:: Material provided ::
== Segment start ==
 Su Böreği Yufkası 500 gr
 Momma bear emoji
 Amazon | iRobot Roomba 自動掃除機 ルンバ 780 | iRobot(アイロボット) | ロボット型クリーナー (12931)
== Segment end ==
:: Exercise description ::
Go through the material above and set each line down verbatim.

:: Written response ::
 Su Böreği Yufkası 500 gr
 Momma bear emoji
 Amazon | iRobot Roomba 自動掃除機 ルンバ 780 | iRobot(アイロボット) | ロボット型クリーナー (12931)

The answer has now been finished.